__Your goal__:
Print exactly the line that contains "Scaune grădină ergonomice|Mobilier" along with every line beneath it to the end of the records below, and omit pictures.

(Crawled caption data)
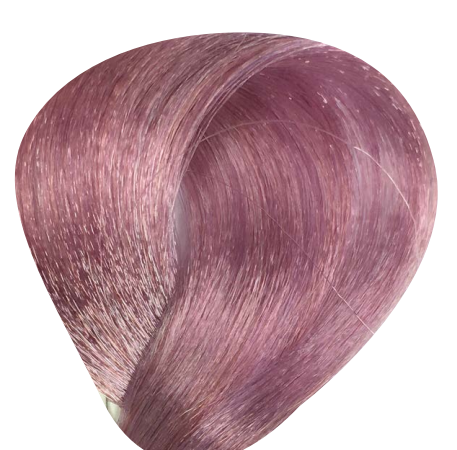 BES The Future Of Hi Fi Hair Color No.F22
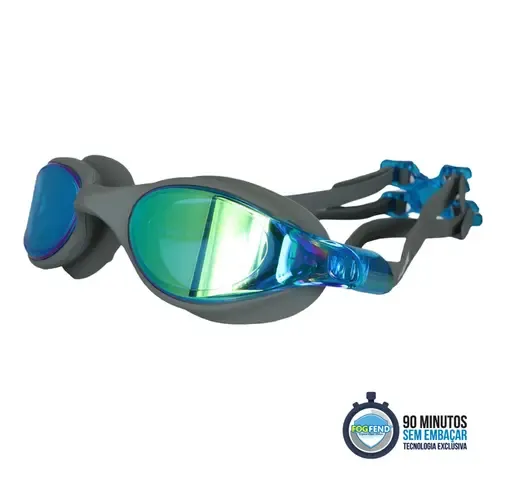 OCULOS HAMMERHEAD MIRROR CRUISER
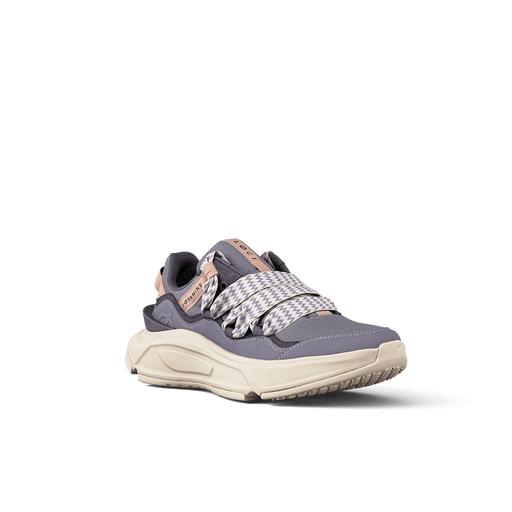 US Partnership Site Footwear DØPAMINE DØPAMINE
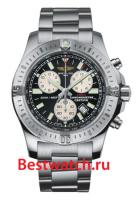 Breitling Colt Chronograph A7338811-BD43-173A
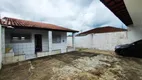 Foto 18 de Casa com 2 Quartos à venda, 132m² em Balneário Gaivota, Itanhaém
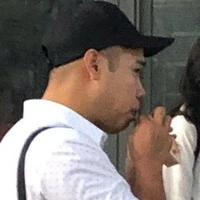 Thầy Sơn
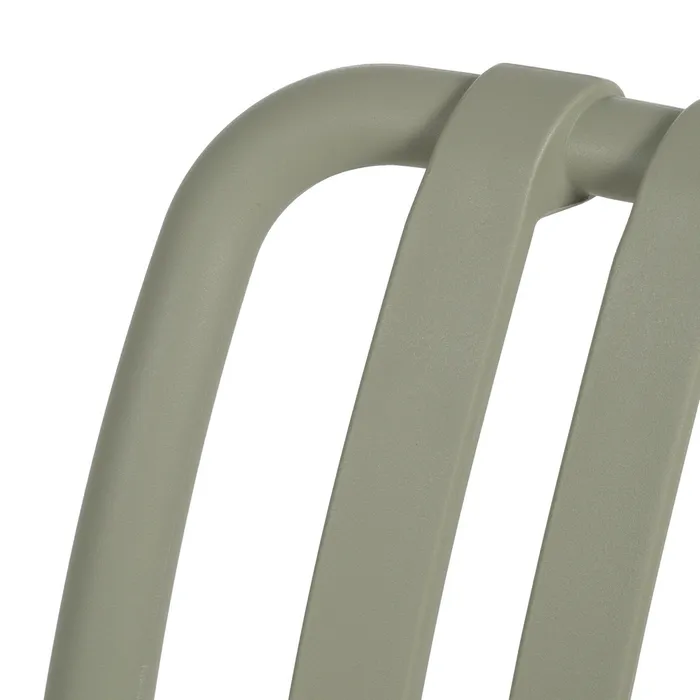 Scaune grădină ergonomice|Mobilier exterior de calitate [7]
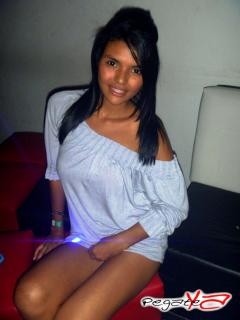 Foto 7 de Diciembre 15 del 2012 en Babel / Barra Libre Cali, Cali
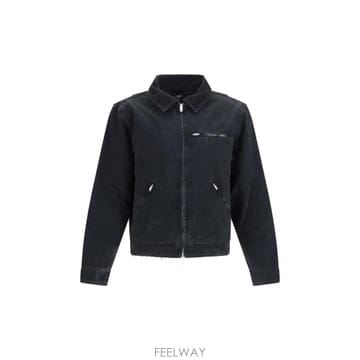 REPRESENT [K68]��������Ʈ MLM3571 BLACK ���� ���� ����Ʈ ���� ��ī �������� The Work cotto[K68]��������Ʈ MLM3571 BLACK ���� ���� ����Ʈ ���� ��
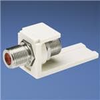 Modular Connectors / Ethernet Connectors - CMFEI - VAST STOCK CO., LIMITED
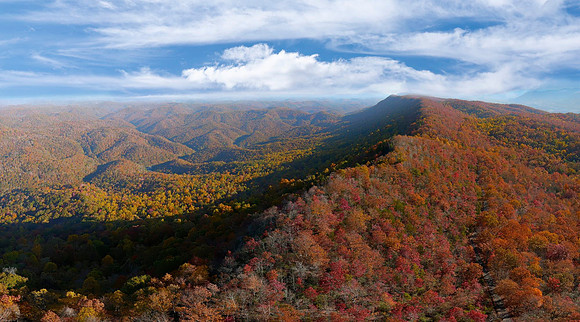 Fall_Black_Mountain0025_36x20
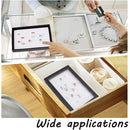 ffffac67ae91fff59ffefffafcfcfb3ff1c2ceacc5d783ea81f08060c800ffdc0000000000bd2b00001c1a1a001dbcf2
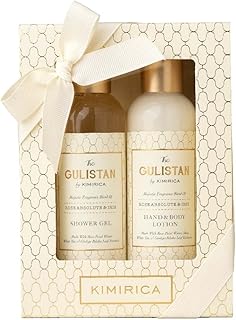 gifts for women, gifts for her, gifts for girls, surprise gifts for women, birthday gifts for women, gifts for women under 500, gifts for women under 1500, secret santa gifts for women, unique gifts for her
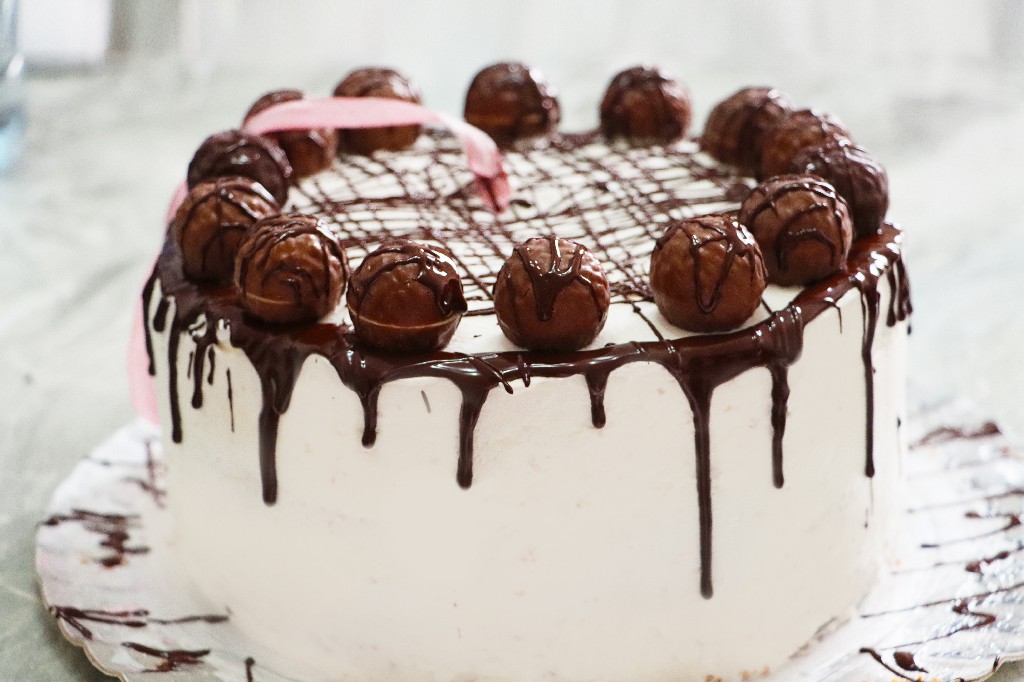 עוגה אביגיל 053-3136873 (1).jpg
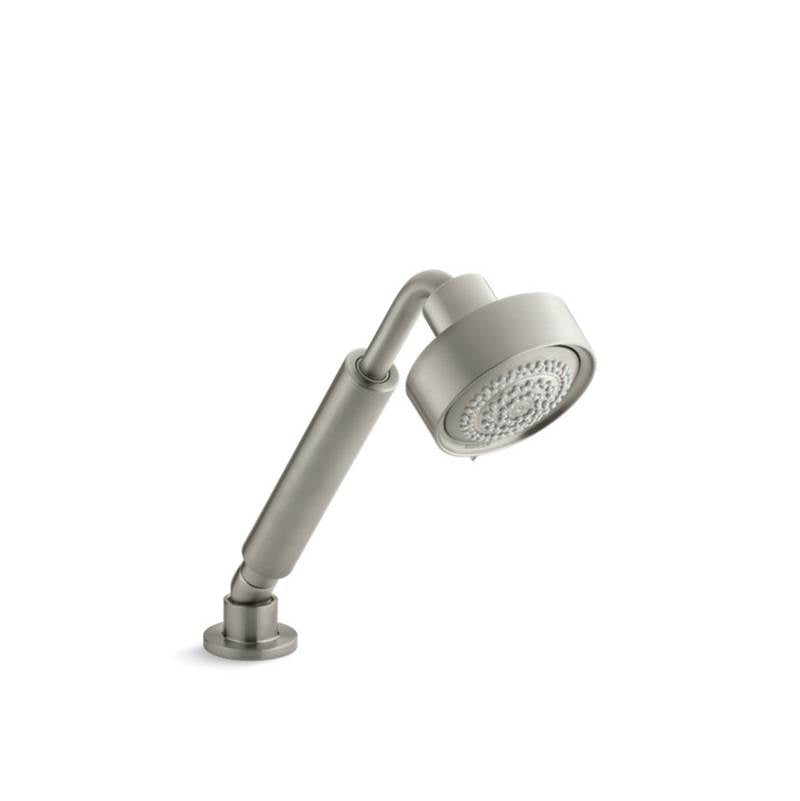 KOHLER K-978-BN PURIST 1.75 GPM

__Solution to the exercise__:
 Scaune grădină ergonomice|Mobilier exterior de calitate [7]
 Foto 7 de Diciembre 15 del 2012 en Babel / Barra Libre Cali, Cali
 REPRESENT [K68]��������Ʈ MLM3571 BLACK ���� ���� ����Ʈ ���� ��ī �������� The Work cotto[K68]��������Ʈ MLM3571 BLACK ���� ���� ����Ʈ ���� ��
 Modular Connectors / Ethernet Connectors - CMFEI - VAST STOCK CO., LIMITED
 Fall_Black_Mountain0025_36x20
 ffffac67ae91fff59ffefffafcfcfb3ff1c2ceacc5d783ea81f08060c800ffdc0000000000bd2b00001c1a1a001dbcf2
 gifts for women, gifts for her, gifts for girls, surprise gifts for women, birthday gifts for women, gifts for women under 500, gifts for women under 1500, secret santa gifts for women, unique gifts for her
 עוגה אביגיל 053-3136873 (1).jpg
 KOHLER K-978-BN PURIST 1.75 GPM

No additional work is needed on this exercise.